▶ [About this task] The lines below starting at the line containing "كوخ بسرير مزدوج، Talkoo Beach Resort 1/1" and ending at the line containing "ストレートで決勝進出 - コロンビア" are to be repeated exactly, with both ends kept and nothing else added.

Brief descriptive captions

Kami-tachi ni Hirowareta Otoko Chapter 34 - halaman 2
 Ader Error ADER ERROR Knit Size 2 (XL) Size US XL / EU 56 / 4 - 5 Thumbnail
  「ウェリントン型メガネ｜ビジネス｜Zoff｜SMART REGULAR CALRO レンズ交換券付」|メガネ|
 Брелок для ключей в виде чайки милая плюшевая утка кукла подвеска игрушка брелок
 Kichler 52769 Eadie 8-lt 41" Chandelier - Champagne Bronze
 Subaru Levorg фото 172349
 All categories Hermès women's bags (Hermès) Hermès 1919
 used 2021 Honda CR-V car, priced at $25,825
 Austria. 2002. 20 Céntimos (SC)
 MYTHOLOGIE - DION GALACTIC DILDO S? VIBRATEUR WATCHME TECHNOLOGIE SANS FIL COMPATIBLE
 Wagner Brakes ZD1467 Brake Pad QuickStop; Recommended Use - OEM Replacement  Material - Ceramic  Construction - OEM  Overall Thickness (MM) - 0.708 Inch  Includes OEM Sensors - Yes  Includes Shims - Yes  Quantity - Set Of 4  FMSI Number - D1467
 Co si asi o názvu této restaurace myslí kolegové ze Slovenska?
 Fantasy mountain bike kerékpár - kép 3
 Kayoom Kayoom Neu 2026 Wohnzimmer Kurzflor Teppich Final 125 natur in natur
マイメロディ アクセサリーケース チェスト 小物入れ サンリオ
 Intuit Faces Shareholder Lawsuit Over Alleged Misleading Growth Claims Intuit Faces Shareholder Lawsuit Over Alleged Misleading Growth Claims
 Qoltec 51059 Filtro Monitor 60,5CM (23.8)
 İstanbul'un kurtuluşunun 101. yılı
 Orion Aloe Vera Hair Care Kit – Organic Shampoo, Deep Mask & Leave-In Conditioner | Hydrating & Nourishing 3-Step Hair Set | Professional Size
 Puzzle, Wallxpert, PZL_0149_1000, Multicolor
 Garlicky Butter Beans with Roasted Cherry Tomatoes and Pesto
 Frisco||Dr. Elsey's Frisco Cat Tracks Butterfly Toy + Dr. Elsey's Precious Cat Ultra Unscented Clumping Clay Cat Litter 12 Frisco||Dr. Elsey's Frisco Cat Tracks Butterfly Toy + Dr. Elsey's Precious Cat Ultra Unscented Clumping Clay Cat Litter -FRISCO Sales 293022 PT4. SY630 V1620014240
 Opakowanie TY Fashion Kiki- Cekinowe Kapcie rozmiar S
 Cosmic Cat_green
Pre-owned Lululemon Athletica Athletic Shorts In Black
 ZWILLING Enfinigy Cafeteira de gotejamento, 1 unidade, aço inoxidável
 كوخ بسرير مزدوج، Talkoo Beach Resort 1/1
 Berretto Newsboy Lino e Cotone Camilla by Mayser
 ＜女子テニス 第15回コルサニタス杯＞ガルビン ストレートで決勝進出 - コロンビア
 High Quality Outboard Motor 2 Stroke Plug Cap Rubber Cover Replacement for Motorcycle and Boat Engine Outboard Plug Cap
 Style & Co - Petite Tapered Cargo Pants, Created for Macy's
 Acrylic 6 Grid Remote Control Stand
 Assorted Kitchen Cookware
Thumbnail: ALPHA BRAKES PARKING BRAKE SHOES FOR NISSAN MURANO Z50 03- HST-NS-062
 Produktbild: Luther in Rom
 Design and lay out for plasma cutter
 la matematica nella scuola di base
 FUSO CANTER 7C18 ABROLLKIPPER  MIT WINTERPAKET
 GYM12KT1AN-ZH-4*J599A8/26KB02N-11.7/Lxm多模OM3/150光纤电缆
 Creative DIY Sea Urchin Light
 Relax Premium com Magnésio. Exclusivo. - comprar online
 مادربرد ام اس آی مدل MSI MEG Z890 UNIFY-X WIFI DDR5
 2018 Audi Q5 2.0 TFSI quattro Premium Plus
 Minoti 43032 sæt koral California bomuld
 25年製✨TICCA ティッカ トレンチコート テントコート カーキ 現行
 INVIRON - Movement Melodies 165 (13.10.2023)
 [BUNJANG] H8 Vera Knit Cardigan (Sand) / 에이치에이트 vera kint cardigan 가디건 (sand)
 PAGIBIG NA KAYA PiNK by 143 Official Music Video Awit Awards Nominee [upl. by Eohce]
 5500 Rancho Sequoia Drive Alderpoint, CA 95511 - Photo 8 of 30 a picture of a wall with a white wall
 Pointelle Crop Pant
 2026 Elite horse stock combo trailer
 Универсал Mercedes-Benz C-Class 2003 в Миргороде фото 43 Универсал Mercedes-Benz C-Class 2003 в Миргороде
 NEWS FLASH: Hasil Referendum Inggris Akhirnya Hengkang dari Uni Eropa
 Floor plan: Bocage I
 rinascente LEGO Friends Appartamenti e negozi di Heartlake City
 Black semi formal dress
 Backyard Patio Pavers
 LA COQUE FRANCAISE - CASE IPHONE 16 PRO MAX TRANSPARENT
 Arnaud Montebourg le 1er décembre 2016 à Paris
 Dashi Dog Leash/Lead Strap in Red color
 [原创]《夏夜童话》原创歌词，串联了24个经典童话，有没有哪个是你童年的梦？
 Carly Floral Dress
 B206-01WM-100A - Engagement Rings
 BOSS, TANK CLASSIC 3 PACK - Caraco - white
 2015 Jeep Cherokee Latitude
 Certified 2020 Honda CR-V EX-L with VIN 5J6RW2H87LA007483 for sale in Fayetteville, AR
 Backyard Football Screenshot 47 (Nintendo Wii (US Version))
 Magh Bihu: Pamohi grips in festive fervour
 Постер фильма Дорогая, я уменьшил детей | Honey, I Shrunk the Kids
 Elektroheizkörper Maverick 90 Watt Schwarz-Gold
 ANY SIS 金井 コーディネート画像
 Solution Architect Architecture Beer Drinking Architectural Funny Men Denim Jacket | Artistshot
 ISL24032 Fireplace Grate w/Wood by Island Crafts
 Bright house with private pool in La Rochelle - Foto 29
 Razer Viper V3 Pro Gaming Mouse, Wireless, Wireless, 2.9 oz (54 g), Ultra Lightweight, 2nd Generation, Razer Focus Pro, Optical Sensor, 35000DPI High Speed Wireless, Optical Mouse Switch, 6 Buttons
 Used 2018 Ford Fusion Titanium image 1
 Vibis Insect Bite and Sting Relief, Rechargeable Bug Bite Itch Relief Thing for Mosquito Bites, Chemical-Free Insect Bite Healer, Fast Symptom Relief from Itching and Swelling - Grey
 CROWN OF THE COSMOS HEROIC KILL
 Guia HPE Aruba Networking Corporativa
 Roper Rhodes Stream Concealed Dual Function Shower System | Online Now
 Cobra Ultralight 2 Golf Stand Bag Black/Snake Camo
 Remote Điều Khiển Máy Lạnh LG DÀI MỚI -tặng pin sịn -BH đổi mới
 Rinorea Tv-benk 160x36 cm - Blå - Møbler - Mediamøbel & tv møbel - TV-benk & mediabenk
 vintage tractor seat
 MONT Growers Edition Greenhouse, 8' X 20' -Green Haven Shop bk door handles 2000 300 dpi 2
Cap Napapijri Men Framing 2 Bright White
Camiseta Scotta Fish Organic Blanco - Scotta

▶ [Task response]
 كوخ بسرير مزدوج، Talkoo Beach Resort 1/1
 Berretto Newsboy Lino e Cotone Camilla by Mayser
 ＜女子テニス 第15回コルサニタス杯＞ガルビン ストレートで決勝進出 - コロンビア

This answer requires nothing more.